[Opening PROVIDED INFORMATION section]

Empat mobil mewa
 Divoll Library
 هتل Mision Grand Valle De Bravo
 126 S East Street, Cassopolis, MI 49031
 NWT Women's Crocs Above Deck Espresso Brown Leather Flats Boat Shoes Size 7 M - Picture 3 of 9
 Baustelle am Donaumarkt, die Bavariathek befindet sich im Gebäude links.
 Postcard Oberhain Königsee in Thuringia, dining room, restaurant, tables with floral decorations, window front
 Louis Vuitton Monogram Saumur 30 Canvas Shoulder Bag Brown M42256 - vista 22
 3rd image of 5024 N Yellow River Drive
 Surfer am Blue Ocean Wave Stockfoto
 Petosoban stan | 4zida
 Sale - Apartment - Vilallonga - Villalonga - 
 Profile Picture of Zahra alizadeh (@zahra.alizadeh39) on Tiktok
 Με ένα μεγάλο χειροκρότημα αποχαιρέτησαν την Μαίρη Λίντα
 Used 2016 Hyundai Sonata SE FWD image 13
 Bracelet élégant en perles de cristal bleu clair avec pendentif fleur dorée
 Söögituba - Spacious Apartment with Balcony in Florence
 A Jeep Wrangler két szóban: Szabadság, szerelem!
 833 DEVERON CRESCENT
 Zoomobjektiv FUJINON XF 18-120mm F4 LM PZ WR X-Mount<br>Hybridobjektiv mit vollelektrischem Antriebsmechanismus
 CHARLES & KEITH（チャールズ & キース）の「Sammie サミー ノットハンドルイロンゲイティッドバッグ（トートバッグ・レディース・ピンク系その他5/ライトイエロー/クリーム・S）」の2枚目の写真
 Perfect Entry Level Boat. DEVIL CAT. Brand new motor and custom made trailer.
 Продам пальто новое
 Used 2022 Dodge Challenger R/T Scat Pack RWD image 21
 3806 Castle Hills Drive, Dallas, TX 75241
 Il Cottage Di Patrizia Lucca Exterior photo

[Closing PROVIDED INFORMATION section]

- [REQUIREMENT]: Transcribe, exactly and completely, all of the entries.

- [COMPLETED TASK]:
Empat mobil mewa
 Divoll Library
 هتل Mision Grand Valle De Bravo
 126 S East Street, Cassopolis, MI 49031
 NWT Women's Crocs Above Deck Espresso Brown Leather Flats Boat Shoes Size 7 M - Picture 3 of 9
 Baustelle am Donaumarkt, die Bavariathek befindet sich im Gebäude links.
 Postcard Oberhain Königsee in Thuringia, dining room, restaurant, tables with floral decorations, window front
 Louis Vuitton Monogram Saumur 30 Canvas Shoulder Bag Brown M42256 - vista 22
 3rd image of 5024 N Yellow River Drive
 Surfer am Blue Ocean Wave Stockfoto
 Petosoban stan | 4zida
 Sale - Apartment - Vilallonga - Villalonga - 
 Profile Picture of Zahra alizadeh (@zahra.alizadeh39) on Tiktok
 Με ένα μεγάλο χειροκρότημα αποχαιρέτησαν την Μαίρη Λίντα
 Used 2016 Hyundai Sonata SE FWD image 13
 Bracelet élégant en perles de cristal bleu clair avec pendentif fleur dorée
 Söögituba - Spacious Apartment with Balcony in Florence
 A Jeep Wrangler két szóban: Szabadság, szerelem!
 833 DEVERON CRESCENT
 Zoomobjektiv FUJINON XF 18-120mm F4 LM PZ WR X-Mount<br>Hybridobjektiv mit vollelektrischem Antriebsmechanismus
 CHARLES & KEITH（チャールズ & キース）の「Sammie サミー ノットハンドルイロンゲイティッドバッグ（トートバッグ・レディース・ピンク系その他5/ライトイエロー/クリーム・S）」の2枚目の写真
 Perfect Entry Level Boat. DEVIL CAT. Brand new motor and custom made trailer.
 Продам пальто новое
 Used 2022 Dodge Challenger R/T Scat Pack RWD image 21
 3806 Castle Hills Drive, Dallas, TX 75241
 Il Cottage Di Patrizia Lucca Exterior photo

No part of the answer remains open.